My question is basically: What possible paths can a question take in its life, what actions can be performed on it, and what effects do these actions have? How is a question passed around through the various layers of flagging and reviewing and processing?

What would really be awesome is a flowchart of some kind.

I know these starting points, although I don't really know where it goes from there. Also it seems different per site, adding extra complication (with a subset of what I don't understand indicated in bold). Wall of bullets follows, but that's kind of the point; I think this list is an accurate representation of the confusion:

  • Open questions can be:
    • New ones are placed in first post review queue or automatically placed in low quality queue, I think, based on some heuristic?
    • Automatically deleted after a certain amount of time, provided their score is below a certain threshold, and... no answers have been given? Or accepted?
    • Closed. Moderators can perform any of these instantly, otherwise requires 5 votes:
      • Duplicate: Gold hammer or majority vote marks question as duplicate and closes.
        • Duplicates now also bring up this new dialog where OP can fast track the closure, I think.
      • Unclear/Broad/Opinion: Close reason attached, question closed.
      • Off-Topic -> Belongs on another site. Question... migrated automatically? What happens here?
      • Closed for other off-topic reasons: Close reason attached, question closed. Although some of these reasons link to other sites, but don't follow the migration path? (E.g. On SO there seems to be a difference between Off Topic -> Questions about General Computing belong on SU and Off Topic -> Another Site -> SU... right...?)
      • First vote puts in close review queue. Review queue exact counts are still fuzzied (I think). Review queue order is determined by some heuristic based on age and number of closevotes? (So I've heard)
    • Deleted directly by a moderator (unless there's a privilege that allows direct delete by users?) or OP (but not when it has an answer).
    • Migrated directly by a moderator (or possibly automatically from the paths above?) These appear in some list on 10K tools.
    • Edited
      • Instantly by OP, moderator, users with edit privileges
      • Suggested by registered users without privileges. Goes to edit review queue. Or OP can accept edit immediately.
      • Suggested by unregistered or anonymous users? Goes to edit review queue, or some other queue?
    • Flagged
      • For any of the reasons above
        • By a user with no closevote privileges. Then question goes to... what queue?
        • By a user with closevote privileges, then... what happens?Difference between e.g. voting to close as opinion-based and flagging as opinion-based?
      • VLQ: Goes to VLQ queue? Or, on the sites that have it, triage? Or help and improvement? Where does it go from here?
      • Spam: Some threshold of spam flags (how many?) cause question to be auto deleted by Community, and then, user banned? Spam flags also draw mod attention, or does it leave mods unbothered?
      • Offensive/abusive: Some threshold of flags auto deletes question?
      • Custom flags, goes to mods?
      • And for any of those flags; flag declined if and only if the question ends up in a queue and somebody raises a different kind of flag on it, or... what causes flags to show as declined, esp. on questions that end up closed via flags?
  • Closed questions:
    • Can be deleted by votes. Number of votes required somehow based on question score or activity. Unsure of details.
    • First delete vote puts them in delete vote list in 10K tools.
    • Can be reopened by votes, or directly by moderators. First reopen vote goes into a queue?
    • Can still be flagged spam, offensive, custom.
  • Deleted questions:
    • Can be undeleted by votes. Unsure if required vote count varies.
    • Can be undeleted by moderator.
    • Can be undeleted by OP if OP was the one that deleted it?
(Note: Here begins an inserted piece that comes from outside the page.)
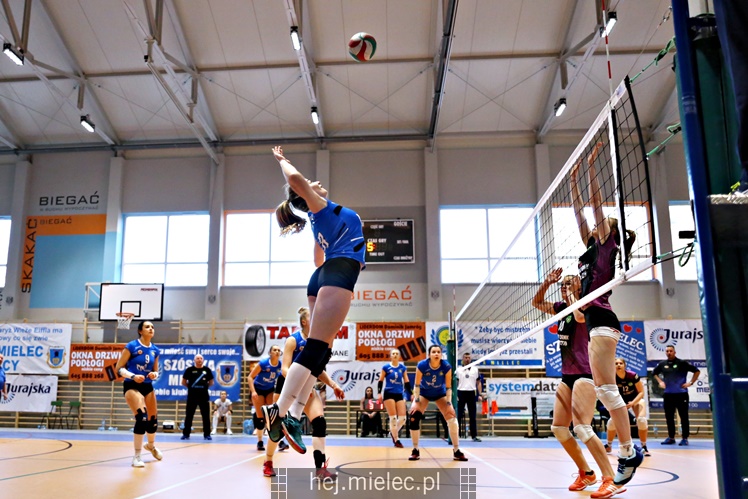1/2 Mistrzostw Polski juniorek: UKS SMS Szóstka Mielec - UKS Chemik Olsztyn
And then there's all the queues alluded to above:

  • Close Votes: Questions come here as soon as they get one close vote but there are rules to ordering (mentioned above).
  • LQP: On SO this appears to be for answers only, but for both questions and answers on other sites.
    • Looks OK: Not sure what this does. Invalidates flags? Skips
    • Edit: Edits question and then... does something?
    • Skip, etc.; similar confusions to triage below.
  • Triage: Not sure how questions get here. Not available on all sites.
    • Looks OK: Not sure what this does. Auto declines flags? Removes from queue?
    • Should Be Improved: Moves to H&I queue?
    • Unsalvageable: Raises a flag, returning back to complicate flow described above. Not sure how this affects the queue itself.
  • Suggested Edits: Mentioned above. Edits can be rejected or approved or rejected and edited or approved and edited or skipped, final decision by vote.
  • Reopen votes:
    • Leave Closed: Is this the same as skip or does it cancel something out?
    • Edit and Reopen: Edits and casts reopen vote in one shot (seems strange when I think about it; for another topic).
    • Reopen: Casts vote.
    • Skip: Somehow different than leave closed.
  • H&I: Needs improvement from triage.
  • First Posts, Late Posts: Some heuristic puts questions here. Then actions like the above can be taken.

Does that list above look long and rambly? Yes. And that's the cause of my question. That list is probably missing about 50% of the details of question-related actions and state; it's an incomplete low quality list that still probably took me about 30-40 minutes to write just now, with much back and forth and editing. This system is extremely complicated, and there does not seem to be any one source of documentation or any one given person that knows how it works. Sometimes I wonder if the SE team themselves know how it works!

Now, many of the bold points above can be found in various posts on meta and scattered through the Help Center; however, it would take a significant amount of effort to put a comprehensive list together by hunting on metas and it would still be incomplete (or based on non-credible sources or unknowingly on out-of-date information) - and by "significant" I mean this also includes, say, reading through comments on unrelated questions to glean casually dropped tidbits of information about how the system works, among other things. Isn't there documentation somewhere?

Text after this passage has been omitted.